数多くの外国語で著された書物が出版されているが、邦訳のタイトルは商業的な理由から、実際のタイトルとは違うことがあるのはよく知られていることだが、『人生後半の戦略書』(SBクリエイティブ)もその一つだろう。原題は「From Strengthto Strength」で、本書の見開きには詩編84編6〜8節が引用され、そのタイトルは8節の「彼らは力から力へと進み」から取られている。ちなみに、副題(原題)は、「人生の後半で成功、幸せ、意味深い目的を見出す」である。
今年(2025年)の5月、今回本書を取り上げた理由でもあるのだが、ロンドンで開かれた国際大会で、著者アーサー・C・ブルックス(ハーバード大学教授)の講演を聞く機会に恵まれた。第7章「林住期に入る 信仰心を深める」の中で、彼自身のキリスト教信仰について記しているが、その講演でも彼が自らの神との関係について大胆に証しする姿は強烈な印象として残っている。

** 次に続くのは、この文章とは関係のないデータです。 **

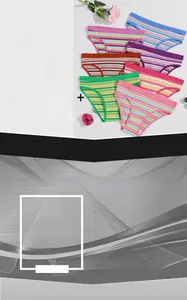 Dettaglio degli slip in cotone senza cuciture a righe arcobaleno e tessuto traspirante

同じ章で、個人的にいつかはチャレンジしたいと憧れているサンティアゴ・デ・コンポステーラについても述べられているが、巡礼がもたらす効果について語る中で、神学者、小山晃佑の『助産婦は神を畏れていたので』(同心社)からの一文を引用されている。それはいまだに速さが強調され、評価される中に日々を歩む私たちが忘れてはならないものだと思う。「時速3マイル、私たちの歩行速度であり、故に神の愛の歩行速度であります」
「力から力へと進み」続けるためには、「削る」ことが必要だと本書は論じている。つまり、「死ぬまで足し算を続ける生き方をやめる」ことである。まさに「ぶどうの木」である主イエスが「実を結ぶ者はみな、もっと豊かに実を結ぶように手入れをなさる」(ヨハネによる福音書15章2節)ことが示されているのだ。